[Scraped caption text data]
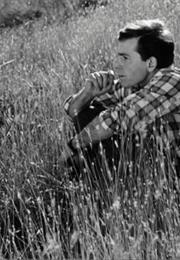 Once Upon a Time There Was a Singing Blackbird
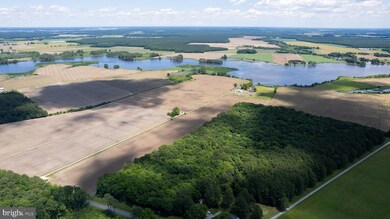 4425 Egypt Rd, Cambridge, MD 21613 - photo 4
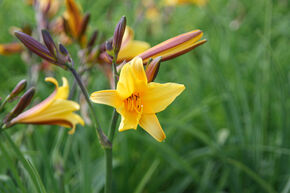 Hemerocallis thunbergii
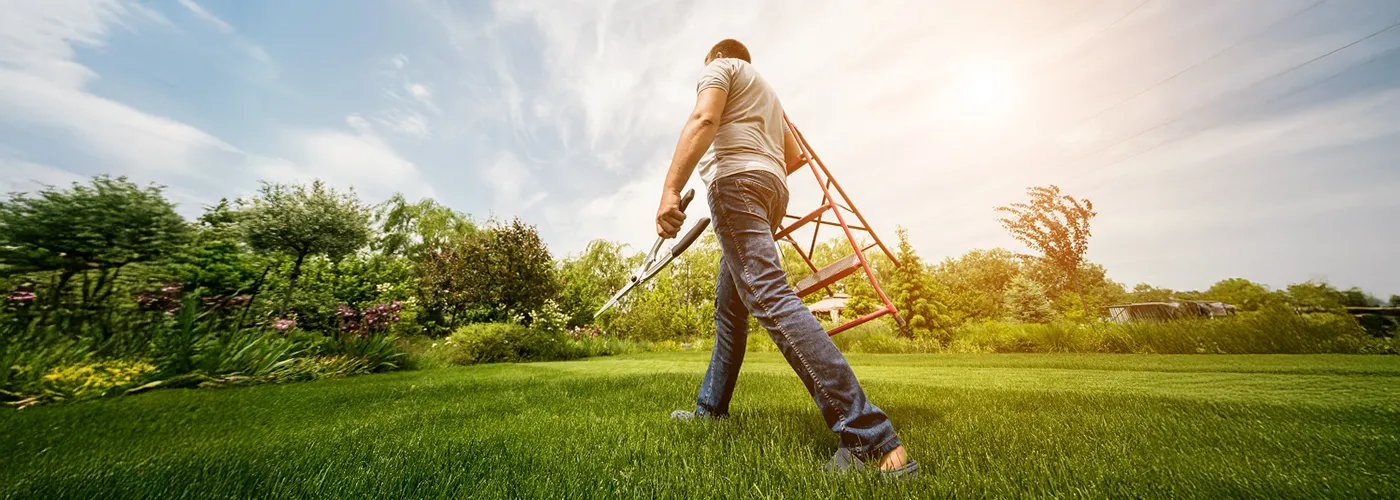 Élagage des arbres du voisin : que dit la loi ?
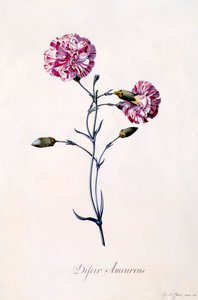 Difor Amourius Nelke, ca. 1745 handkolorierte Gravur von "Georg Dionysius Ehret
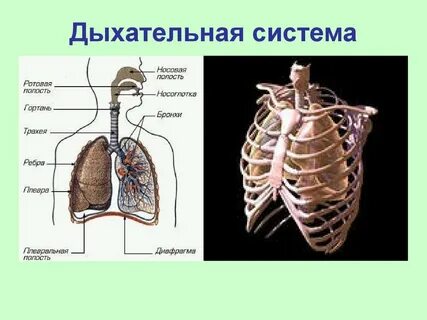 Функциональные возможности дыхательной системы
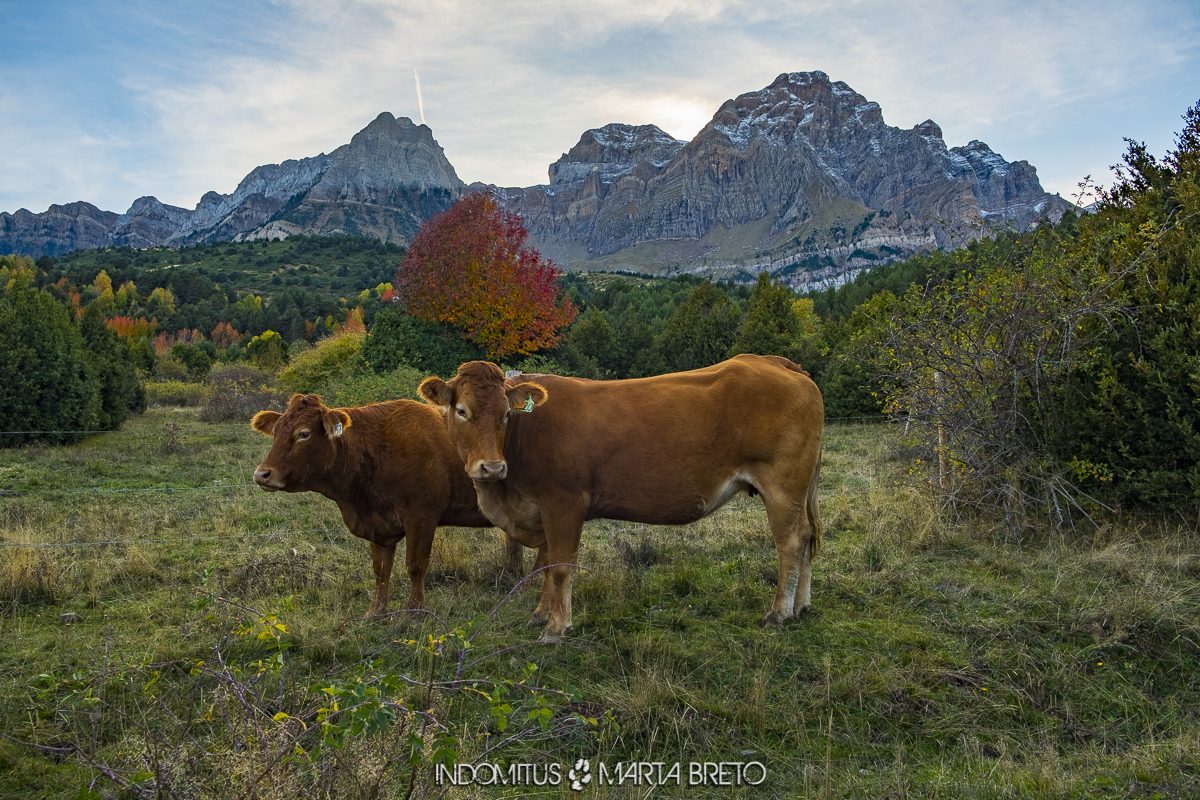 vacas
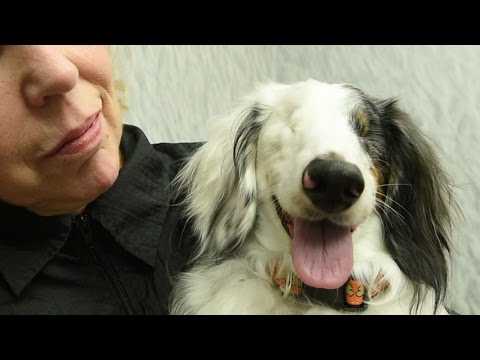 See This Dachshund? Nothing Can Prepare You For The Truth Behind His Life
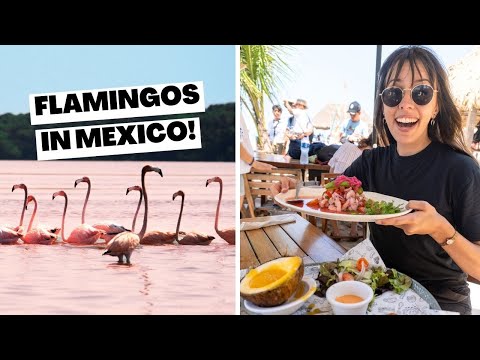 We found the BEST place to see flamingos!  🦩 Things to do in Celestún, Mexico
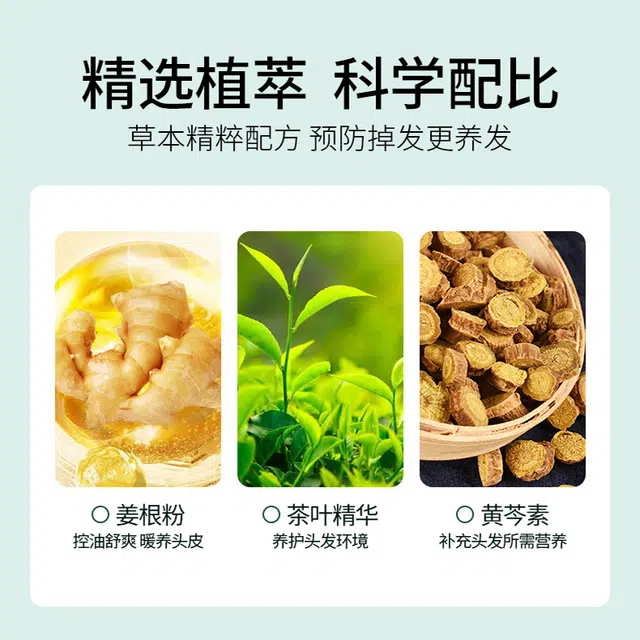 亮庄 防脱固发控油去屑洗发露润发留香 护发滋养清爽强韧丰盈蓬松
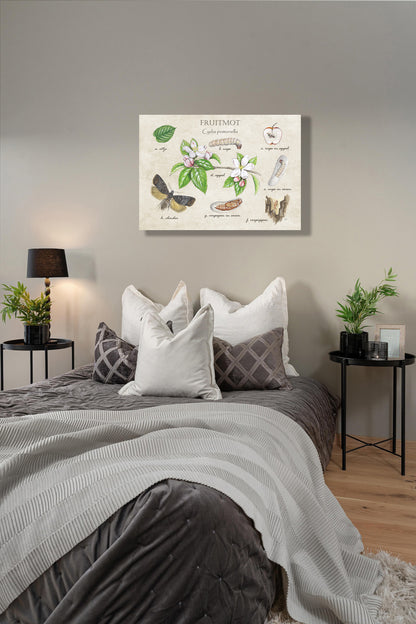 Wanddecoratie "Fruitmot, het leven van"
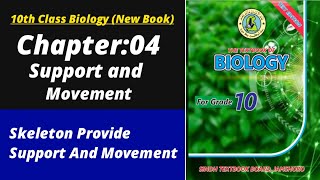 Skeleton provide support and movement | Biology class 10 chapter 4| Class 10 new biology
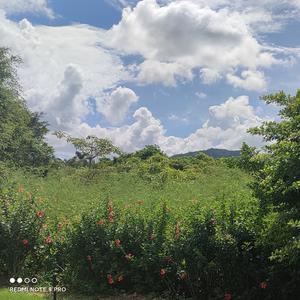 涵菱头像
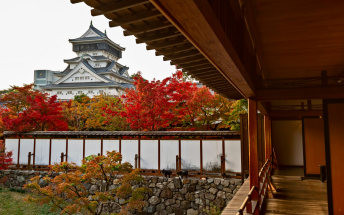 Kitakyushu Highlights:Kokura Castle and Kawachi Wisteria Garden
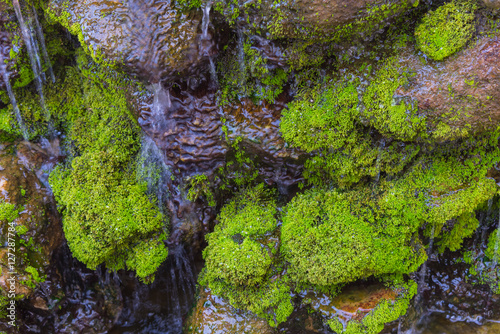  moss on the rock in waterfall day time.
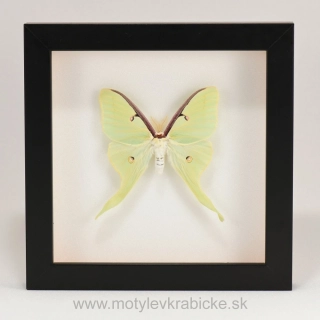 Actias luna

YOUR GOAL
Where a line contains "moss on the rock in waterfall day time.", begin there and transcribe every line through the last one of the records above, exactly and with no pictures.

ANSWER TO THIS PROBLEM
  moss on the rock in waterfall day time.
 Actias luna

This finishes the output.